What is needed is a word-for-word copy of all the entries, minus the pictures.

*** Task data ***

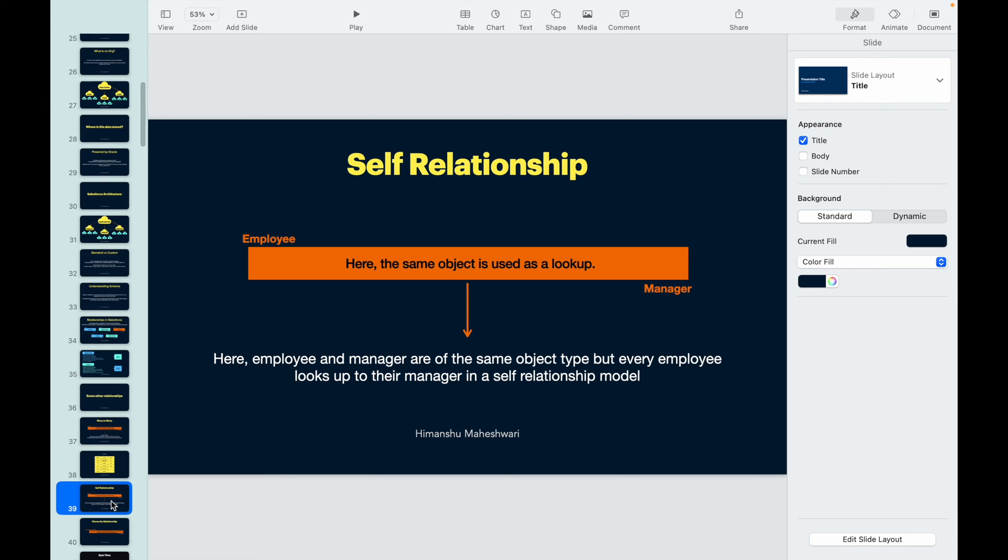Let's talk about self-relationship. Now what is a self-relationship? It's with yourself, right? That's correct. The thing is, the same object is involved and is used as a lookup in this relationship.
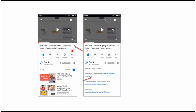You can get the Java source code link from the description of the video. On mobile, click the icon to expand the description and see the Java source code links. Click on those links to get the Java source code.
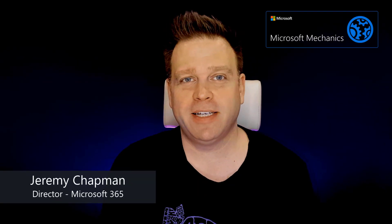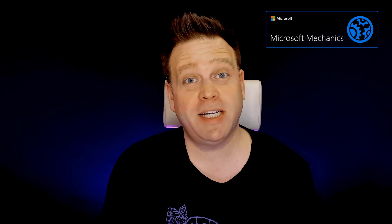Hello, this is Jeremy Chapman from Microsoft Mechanics. Today I want to share another working from home tip, and this time for email when using Outlook.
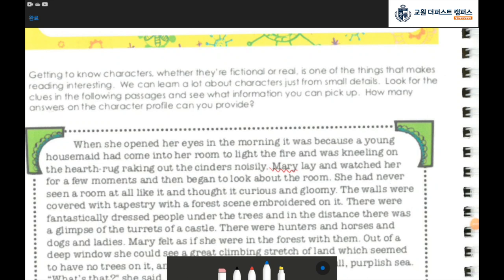Hello, Shakespeare students. How are you today? I hope you guys are doing well. In the last class, we learned about the definition of characters and we also learned about the types of characters in literature. Do you remember? Let's start the class now. Open your book to page 17.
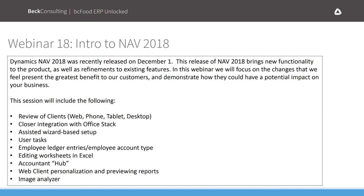Our next webinar will be the third week in February — around the 15th, right after Valentine's Day. The invite will be going out to you shortly. We'll be doing an intro to NAV 2018, covering what to expect with the latest features released on December 1st. We're in the process of migrating all of BEC's ERP into NAV 2018. Topics will include different ways to access NAV via web, phone, tablet, or desktop client, closer Microsoft Office stack integration, and the Accountant Hub feature that gives outside auditors access to NAV.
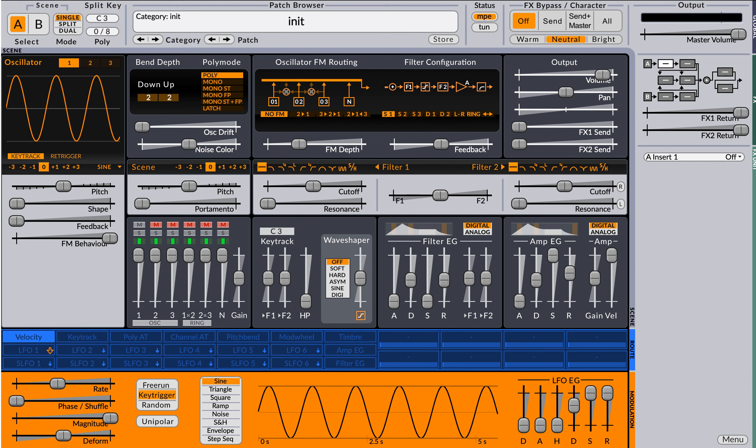I have here the init patch set up with the modulator switched to sine and our standard type of modulation velocity still works. So let me pick velocity here and then go ahead and modulate the feedback or something like that.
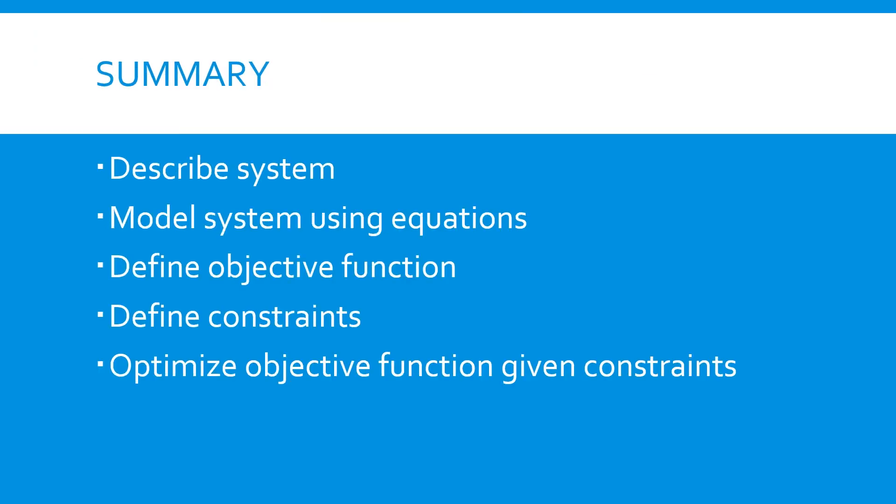So that's a demonstration of how to set up and solve a simple box volume optimization using the scipy optimization package in Python. Just to review, the steps we went through were first describe the system. Next, we modeled the system using equations. We defined an objective function. We wanted to maximize the box volume. And we defined the constraints. In this case, that the box surface area had to be less than or equal to 10. Then we optimized the objective function given the constraints to find our solution.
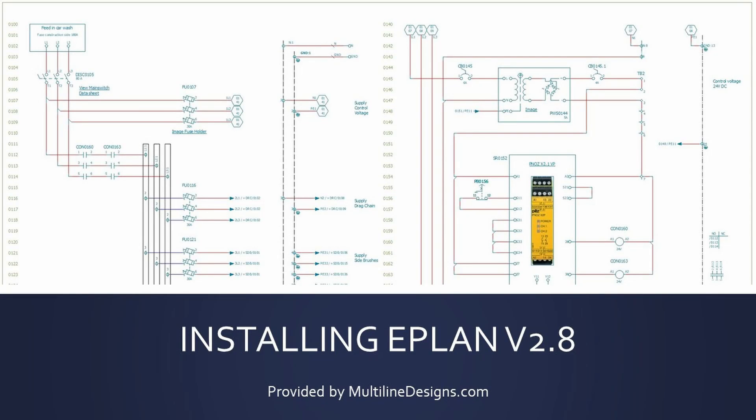Welcome to my channel. My name is Fred and I'm the owner of Multi-Line Designs. I'm an electrical engineer and an independent ePlan consultant.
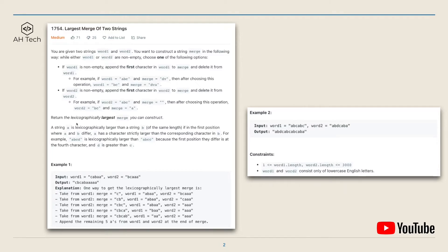We have to return the lexicographically largest merge that we can construct. For example one, word one is 'cabaa' and word two is 'bcaaa', and the largest lexicographically merge we can get is 'cbcab' followed by five a's. For example two, with a given word one and word two, this will be the largest lexicographically merge string that we can get.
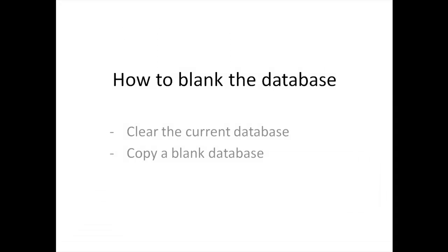Greetings, this is Jeff from Kantak Support, and today we're going to take a look at how to blank the database.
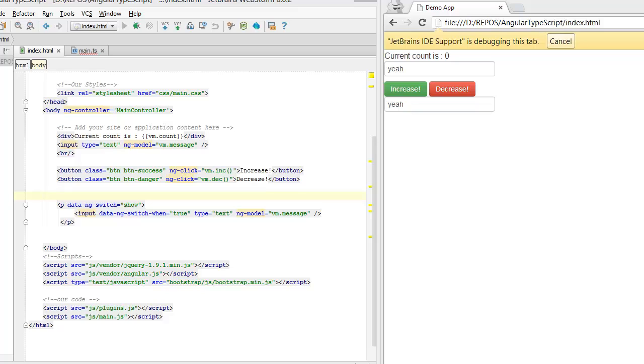Hi, this is a quick tutorial on how I like to set up my AngularJS controllers using TypeScript. Let me guide you through the application.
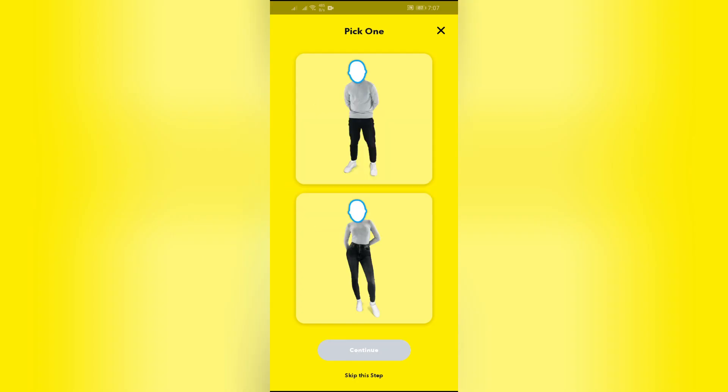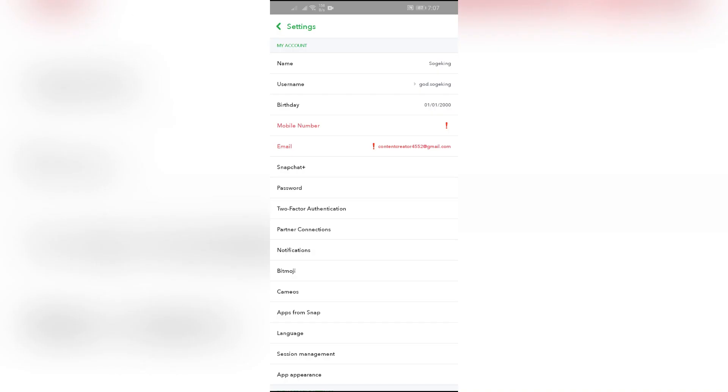So simply choose any of the options and pick your gender in here. After that, click to continue, and after that it will create so many cameos for your Snapchat.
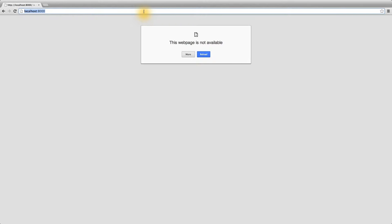If we try to navigate to localhost port 8000 with our web browser, we see that nothing's being loaded. This either means that we have not started our server yet, or that it's running on a different port. In our case, we haven't started the server, so let's go ahead and do that.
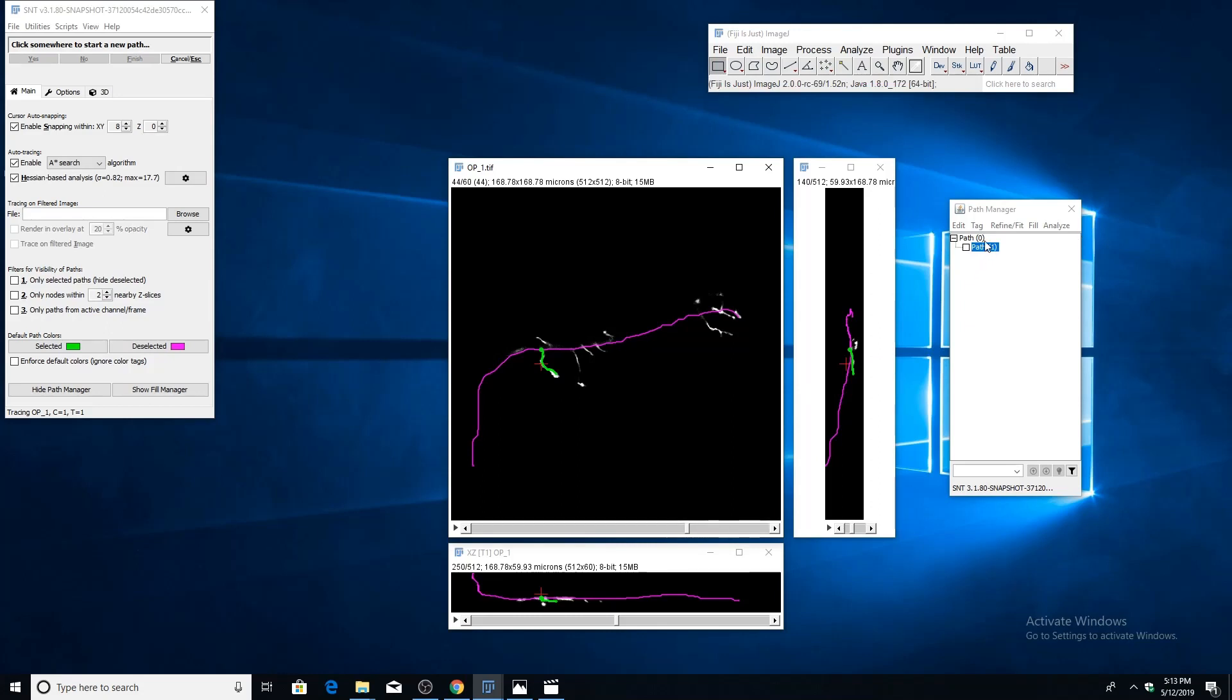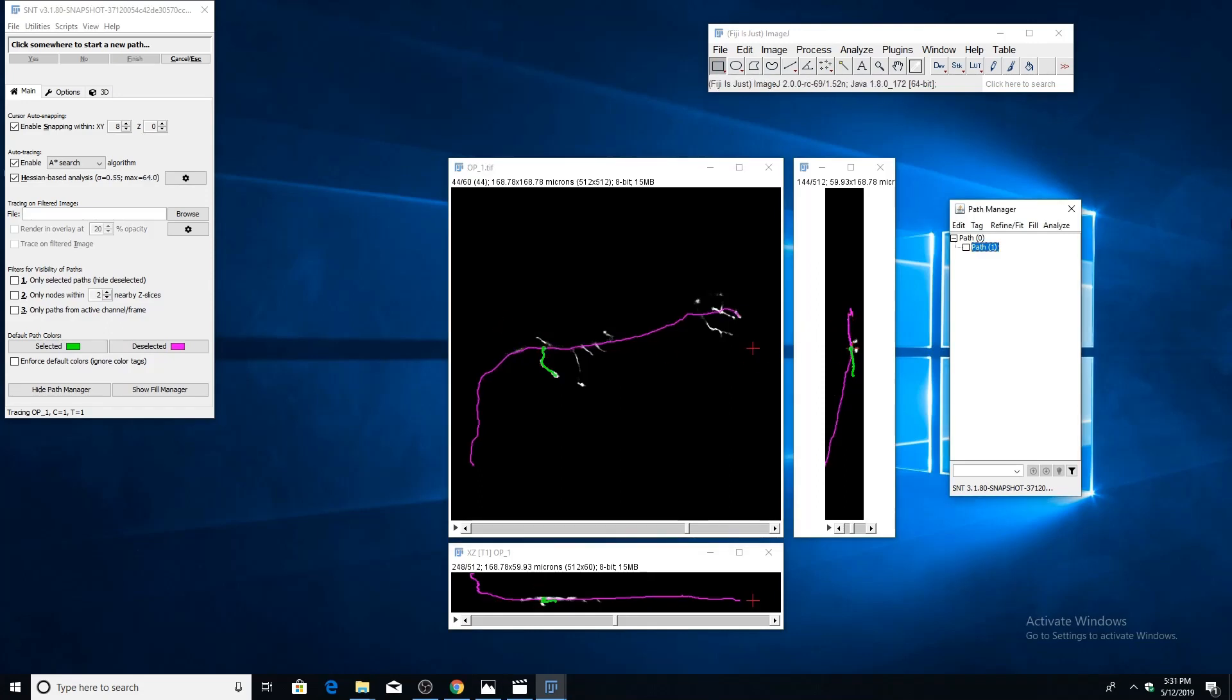You'll see that the path has been selected, added to the path manager, and that this new branch path is a child of the primary path. This is how the branching system works: the branch path will always be a child of the path where you created the fork point from.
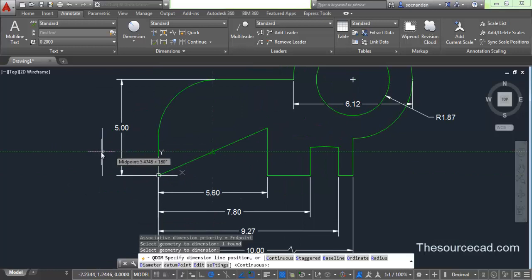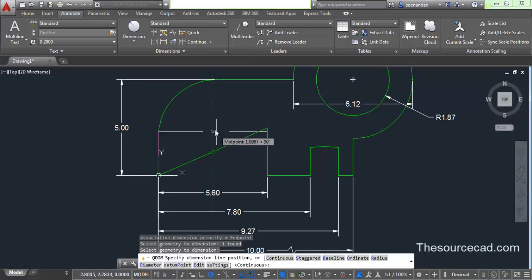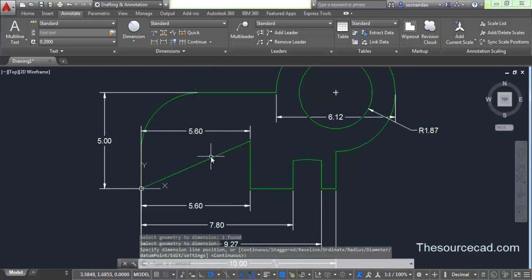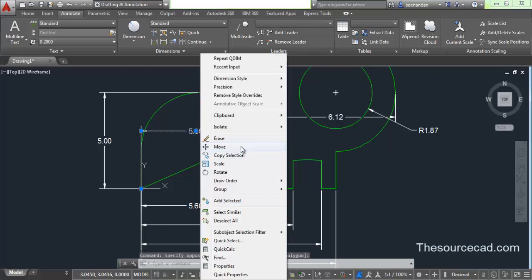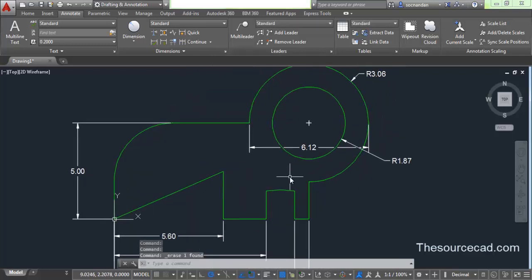Now let's select quick dimension and try to dimension this line. Click on this line, press Enter, and now you can see that a dimension is accompanying it. If you want to make it vertical, you can go in this direction. If you want to make it horizontal, you can go this way. Click here and the dimension is added. So in this way, if you want to specify dimensions quickly, you can use the quick dimension tool.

*** End of Task data ***

» Solved problem:
Let's talk about self-relationship. Now what is a self-relationship? It's with yourself, right? That's correct. The thing is, the same object is involved and is used as a lookup in this relationship.
You can get the Java source code link from the description of the video. On mobile, click the icon to expand the description and see the Java source code links. Click on those links to get the Java source code.
Hello, this is Jeremy Chapman from Microsoft Mechanics. Today I want to share another working from home tip, and this time for email when using Outlook.
Hello, Shakespeare students. How are you today? I hope you guys are doing well. In the last class, we learned about the definition of characters and we also learned about the types of characters in literature. Do you remember? Let's start the class now. Open your book to page 17.
Our next webinar will be the third week in February — around the 15th, right after Valentine's Day. The invite will be going out to you shortly. We'll be doing an intro to NAV 2018, covering what to expect with the latest features released on December 1st. We're in the process of migrating all of BEC's ERP into NAV 2018. Topics will include different ways to access NAV via web, phone, tablet, or desktop client, closer Microsoft Office stack integration, and the Accountant Hub feature that gives outside auditors access to NAV.
I have here the init patch set up with the modulator switched to sine and our standard type of modulation velocity still works. So let me pick velocity here and then go ahead and modulate the feedback or something like that.
So that's a demonstration of how to set up and solve a simple box volume optimization using the scipy optimization package in Python. Just to review, the steps we went through were first describe the system. Next, we modeled the system using equations. We defined an objective function. We wanted to maximize the box volume. And we defined the constraints. In this case, that the box surface area had to be less than or equal to 10. Then we optimized the objective function given the constraints to find our solution.
Welcome to my channel. My name is Fred and I'm the owner of Multi-Line Designs. I'm an electrical engineer and an independent ePlan consultant.
We have to return the lexicographically largest merge that we can construct. For example one, word one is 'cabaa' and word two is 'bcaaa', and the largest lexicographically merge we can get is 'cbcab' followed by five a's. For example two, with a given word one and word two, this will be the largest lexicographically merge string that we can get.
Greetings, this is Jeff from Kantak Support, and today we're going to take a look at how to blank the database.
Hi, this is a quick tutorial on how I like to set up my AngularJS controllers using TypeScript. Let me guide you through the application.
So simply choose any of the options and pick your gender in here. After that, click to continue, and after that it will create so many cameos for your Snapchat.
If we try to navigate to localhost port 8000 with our web browser, we see that nothing's being loaded. This either means that we have not started our server yet, or that it's running on a different port. In our case, we haven't started the server, so let's go ahead and do that.
You'll see that the path has been selected, added to the path manager, and that this new branch path is a child of the primary path. This is how the branching system works: the branch path will always be a child of the path where you created the fork point from.
Now let's select quick dimension and try to dimension this line. Click on this line, press Enter, and now you can see that a dimension is accompanying it. If you want to make it vertical, you can go in this direction. If you want to make it horizontal, you can go this way. Click here and the dimension is added. So in this way, if you want to specify dimensions quickly, you can use the quick dimension tool.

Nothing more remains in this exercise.